Update: EuGH-Vorlage zur Unionsrechtmäßigkeit der Fondsbesteuerung nach dem InvStG 2004
Beim Bundesfinanzhof ist ein Revisionsverfahren unter anderem zu der Frage anhängig, ob die Nichtgewährung der Steuerbefreiung nach § 11 Abs. 1 Satz 2 Investmentsteuergesetz in der bis zum 31. Dezember 2017 geltenden Fassung eine Diskriminierung beschränkt steuerpflichtiger Investmentfonds darstellt und gegen die Kapitalverkehrsfreiheit verstößt. Der BFH hat das Verfahren ausgesetzt und den EuGH hierzu um Vorabentscheidung gebeten.
Sachverhalt und Ausgangslage
In dem anhängigen Verfahren klagt der Subfonds eines nach Luxemburger Recht errichteter geschlossener Immobilienfonds in der Rechtsform eines fonds commun de placement (FCP), ausgestaltet als spezialisierter Anlagefonds (fonds d´investissement spécialisé, -SIF-), mit Einkünften aus der Vermietung und der Veräußerung inländischer Immobilien auf Gewährung der Steuerbefreiung nach § 11 Abs. 1 Satz 2 Investmentsteuergesetz (InvStG).

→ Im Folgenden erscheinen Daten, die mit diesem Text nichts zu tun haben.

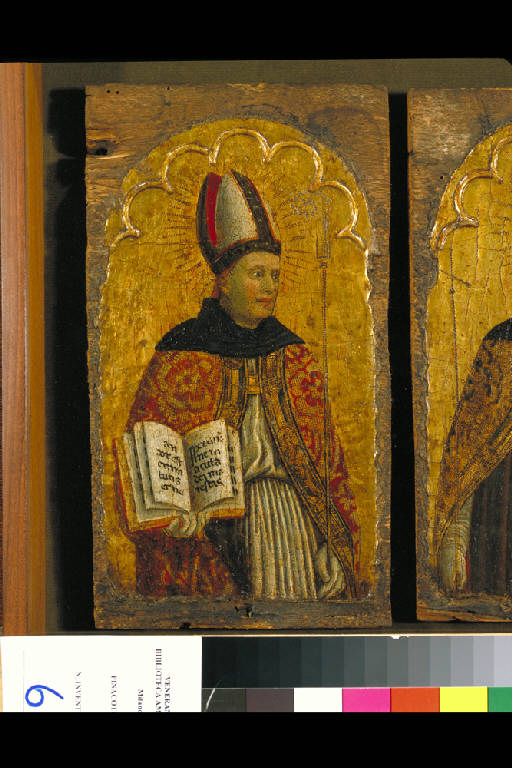 Polittico di San Nicola da Tolentino, BEATO VESCOVO AGOSTINIANO (dipinto) di Mazone Giovanni (sec. XV)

Der Kläger hat zwei institutionelle Anleger, die weder ihren Sitz noch ihre Geschäftsleitung in Deutschland haben. Verwaltet wird der Fonds durch eine Managementgesellschaft mit Sitz in Luxemburg. Der Kläger pocht auf eine Diskriminierung beschränkt steuerpflichtiger Investmentfonds. In dem Verfahren ist darüber hinaus die Körperschaftsteuersubjektfähigkeit des Klägers strittig. Das Finanzgericht Münster hatte zum einen die inländische Steuerpflicht bejaht und einen Verstoß gegen die Kapitalverkehrsfreiheit verneint. Das Bundesministerium der Finanzen ist zwischenzeitlich dem Revisionsverfahren beigetreten.
Entscheidung des BFH
Die Revision ist auf der Grundlage des nationalen Rechts unbegründet, so der BFH in seiner Entscheidung (dort: Rz. 20 ff.). Unter anderem sei die fragliche Steuerbefreiung hier nicht einschlägig. Gemäß § 11 Abs. 1 Satz 1 InvStG 2004 gilt das inländische Sondervermögen als Zweckvermögen im Sinne des § 1 Abs. 1 Nr. 5 KStG. Es ist von der Körperschaftsteuer und der Gewerbesteuer befreit. Daher scheitert die direkte Anwendung dieser Regelung auf den Kläger (als ausländischer Fonds) am eindeutigen Gesetzeswortlaut.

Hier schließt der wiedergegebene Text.